SINGAPORE — A 66-year-old woman suffering from a mental illness who wounded the religious feelings of her Muslim neighbour in Tampines told a district court through her lawyer on Thursday (12 December) that she wanted a probation sentence.

Lee Dji Lin had pleaded guilty two similar charges last month, but has been found unsuitable for a Mandatory Treatment Order, or MTO. A third similar charge will be considered in sentencing.

At the time of the offences, she had breached an earlier MTO, which was given for a separate but similar offence against the same neighbour. Offenders given an MTO, a community-based sentencing option, will have to undergo psychiatric treatment at the Institute of Mental Health for a period of up to three years instead of serving jail time.

Lee was charged on 9 July following a Yahoo News Singapore story in June on the nine-year long dispute between the neighbours.

At the State Courts on Thursday, Lee’s lawyer Chung Ting Fai said his client is undergoing psychiatric treatment and is “prepared to apologise to the victim”.

He added that Lee is in the process of moving out and her family has signed a new tenancy agreement, although there is no specific moving out date.

The prosecution did not object to a probation suitability report being called.

Lee is expected to be sentenced by District Judge Brenda Tan on 23 January.

Religious insults

On 24 April, the victim, Marliah Jonet, 64, who lives directly above Lee’s HDB unit in Tampines Street 21, called the police as Lee had been cursing at her from her own home.

Marliah’s daughter had been helping her clean her home earlier that day, but Lee was unhappy with the noise caused by the vacuuming and shouted at the mother and daughter from her home, said Deputy Public Prosecutor Vincent Ong.

“The accused shouted the words ‘Anak babi’ in Malay, which means ‘Baby pig’ in English in the hearing of the victim,” said DPP Ong.

“The accused had shouted the words, intending for the victim to hear them, with the deliberate intention of wounding the religious feelings of the victim.”

Two months later, on 11 June, Marliah called the police again at about 12 noon as Lee had been cursing at her since the morning.

While the victim was cleaning her home, she heard Lee shouting the words, “Bodoh punya Melayu, cari pasal sama orang Cina, Melayu pergi makan babi” in Malay, which means “Stupid Malay, looking for trouble with Chinese people, Malay go eat pig” in English.

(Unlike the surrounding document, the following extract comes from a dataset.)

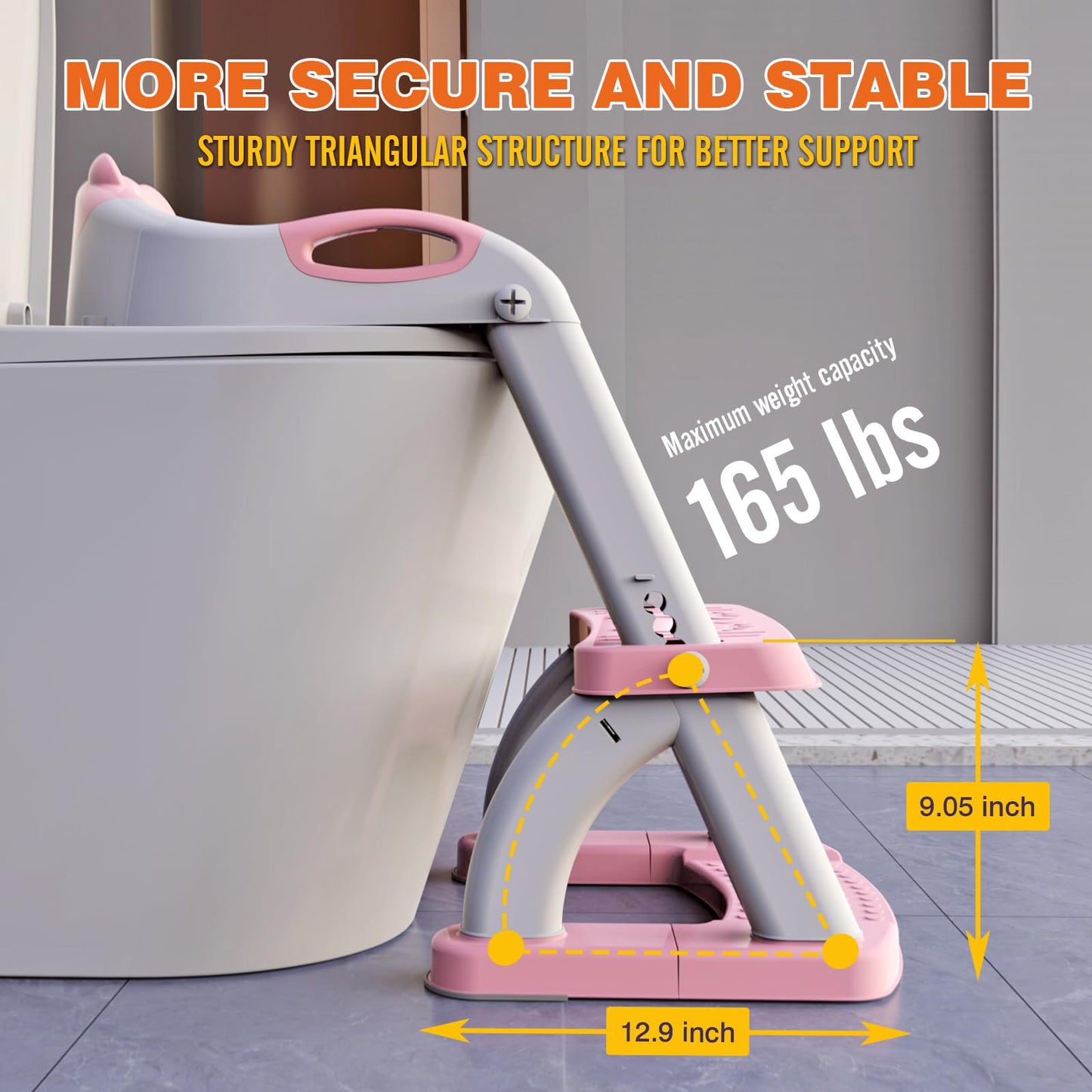 Potty Training Seat, SKYROKU Upgrade Toddler Toilet Seat for Kids Boys Girls, 2 in 1 Potty Training Toilet, Splash Guard Anti-Slip Pad Step Stool,New Sector-Shape Stabilized Base (8899+Pink)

Lee intended for Maliah to hear the words and wanted to wound her religious feelings, said DPP Ong.

Less than a week later, on 17 June, Lee again wounded the religious feelings of her Muslim neighbour. This third charge will be taken into consideration in sentencing.

Delusional disorder

DPP Ong earlier told the court that the main sentencing consideration for the offence of wounding racial or religious feelings ought to be deterrence, as there is a need to protect Singapore’s social fabric and maintain harmony.

But he noted that Lee was assessed by a government psychiatrist to suffer from chronic delusional disorder and that there was some contributory link between the illness and the commission of the offences.

At the time of the offence, Lee was under a two-year MTO imposed in June 2017 after she had reportedly thrown pork at the victim’s flat the previous year. The prosecutor said Lee will be dealt with for breaching the MTO separately.

Lee’s lawyer Chung earlier said his client did not have a good and cordial relationship with her neighbours over the years, but added that and that her impending relocation may remove the trigger point and help in her future conduct.

The maximum punishment for each of Lee’s charges of uttering words with the intention to wound religious feelings is a jail term of up to three years along with a fine.